Christian Zacharias’ autobiografisches Buch über ME/CFS, medizinisches Versagen und gesellschaftliche Ignoranz.
Christian Zacharias wollte nie ein Buch schreiben. Zumindest nicht über Krankheit, über Leid, über systematisches Versagen. Doch als er selbst von einem Moment auf den anderen schwer krank wurde – mit unerklärlichen Schmerzen, raschem Gewichtsverlust und völliger Erschöpfung – blieb ihm kaum etwas anderes übrig. In „Alles psychosomatisch! – Wie unser Gesundheitssystem hunderttausende Menschen kaputtgehen lässt“ dokumentiert er auf über 400 Seiten schonungslos und eindringlich, was es bedeutet, in einem Gesundheitssystem zu stranden, das die eigene Erkrankung nicht versteht – und daher leugnet.
Zacharias’ Bericht beginnt mit einem körperlichen Zusammenbruch. Ein vormals gesunder Mann wird innerhalb kürzester Zeit zum Pflegefall – und keiner weiß warum. Was folgt, ist eine Odyssee durch Wartezimmer, Notaufnahmen und Facharztpraxen. Statt Hilfe erfährt er Ablehnung. Statt Diagnostik: Abwertung. „Das ist psychisch“, hört er immer wieder. Und mit diesem Stempel beginnt eine zweite Krankheit – die Ausgrenzung durch ein System, das psychosomatisch mit „nicht real“ gleichsetzt.
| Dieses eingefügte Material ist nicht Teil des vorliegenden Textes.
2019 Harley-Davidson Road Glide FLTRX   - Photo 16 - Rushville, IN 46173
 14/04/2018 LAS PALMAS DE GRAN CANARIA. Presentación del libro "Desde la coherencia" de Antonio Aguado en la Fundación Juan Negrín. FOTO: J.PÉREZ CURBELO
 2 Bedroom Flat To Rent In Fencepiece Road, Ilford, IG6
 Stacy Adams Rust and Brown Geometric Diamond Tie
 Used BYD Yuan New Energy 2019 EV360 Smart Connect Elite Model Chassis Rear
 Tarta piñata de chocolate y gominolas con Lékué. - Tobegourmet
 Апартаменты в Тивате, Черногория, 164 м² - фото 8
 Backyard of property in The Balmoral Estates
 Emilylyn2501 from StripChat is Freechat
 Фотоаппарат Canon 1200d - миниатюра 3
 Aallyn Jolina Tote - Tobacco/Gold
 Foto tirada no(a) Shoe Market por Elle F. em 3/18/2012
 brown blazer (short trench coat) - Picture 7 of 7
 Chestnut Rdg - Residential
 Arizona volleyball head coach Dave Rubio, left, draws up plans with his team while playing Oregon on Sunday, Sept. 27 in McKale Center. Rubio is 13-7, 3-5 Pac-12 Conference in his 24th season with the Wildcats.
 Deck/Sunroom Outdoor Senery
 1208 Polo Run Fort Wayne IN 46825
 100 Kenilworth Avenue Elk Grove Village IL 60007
Im Zentrum des Buches steht die Erkrankung ME/CFS – Myalgische Enzephalomyelitis/Chronisches Fatigue-Syndrom –, eine Krankheit, die trotz weltweiter Betroffenenzahlen in Deutschland weitgehend ignoriert wird. Zacharias schreibt eindringlich über die Hilflosigkeit, mit der Betroffene nicht nur von Ärzten, sondern auch von Familie, Freunden und Arbeitgebern zurückgelassen werden. Er beschreibt die Erschöpfung, die kein Schlaf bessert, die Schmerzen, die kein Schmerzmittel lindert – und die Frustration darüber, dass viele dieser Symptome im ärztlichen Alltag schlicht nicht vorkommen dürfen.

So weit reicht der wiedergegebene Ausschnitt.